Si oscilla tra europeismo e euroscetticismo, tra voglia di alleanza col Pd e minacce al partito di Nicola Zingaretti, tra attestati di lealtà e smarcamento dal premier. Disorienta ulteriormente il dettaglio che a interpretare i «Movimenti» grillini sia Luigi Di Maio. Il ministro degli Esteri di volta in volta assume le fattezze del guastatore o dello stabilizzatore, a seconda degli umori che capta e dell’esigenza di cavalcarli per non essere disarcionato da un ruolo ormai contestato apertamente. Il suo irrigidimento sul Meccanismo europeo di stabilità, acronimo Mes, è l’ultima manifestazione di questo tatticismo giocato non con lo sguardo agli alleati o all’Europa, ma alle convulsioni interne ai Cinque Stelle. Accreditare un complotto europeo contro l’Italia, magari facendosi scudo di qualche distinguo imprevisto, spinge la prima forza del governo verso la convergenza con la più vieta propaganda sovranista. E non cancella il sospetto che, demonizzando strumentalmente il Mes, in realtà siano i populisti presenti oltre che in Lega e FdI anche nel M5S a volersi tenere le mani libere in vista di politiche ostili agli impegni con l’Ue. Ma è un atteggiamento che obbliga Conte a una mediazione acrobatica col Pd, frastornato e sempre più irritato dagli scarti di Di Maio; con la nuova Commissione europea, dove un M5S europeista a giugno ora si è diviso sul voto; e con lo stesso Movimento. Il premier conosce a fondo le dinamiche interne dei Cinque Stelle, dei quali è stato un’emanazione e che tuttora cercano di fargli pesare la loro investitura: tanto più perché navigano tra mille difficoltà.

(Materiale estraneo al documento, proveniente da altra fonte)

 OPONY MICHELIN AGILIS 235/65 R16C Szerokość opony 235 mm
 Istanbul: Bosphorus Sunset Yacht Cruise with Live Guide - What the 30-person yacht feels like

Così, quando il ministro degli Esteri sembra ufficializzare la distanza dal «suo» presidente del Consiglio facendo sponda con Alessandro Di Battista contro il Mes, il messaggio in bottiglia preoccupa. Di Battista è uno degli esponenti più antigovernativi, in bilico tra un nuovo sabbatico in Iran, dopo quello in Centro America, e una ricandidatura in caso di elezioni anticipate. Chiarire queste ambiguità è prioritario, per un esecutivo che abbia l’ambizione non solo di sopravvivere ma di governare e comunque di non isolare l’Italia nel contesto europeo. E sperare che dal vertice di questa sera arrivi un’indicazione non provvisoria né contraddittoria dovrebbe essere nell’interesse di tutti, anche perché è in primo luogo nell’interesse nazionale. Prendere tempo, rinviare, tergiversare, come si sta facendo con l’ex Ilva, con Alitalia, con il rosario di crisi industriali lasciate aperte, sarebbe soltanto la conferma di un’Italia impantanata nelle sue contraddizioni. E condannata a restarci da un perno grillino che si illude di restare tale galleggiando su una rendita di posizione elettorale di appena un anno e mezzo fa ma già, sembrerebbe, appartenente a un’altra stagione politica.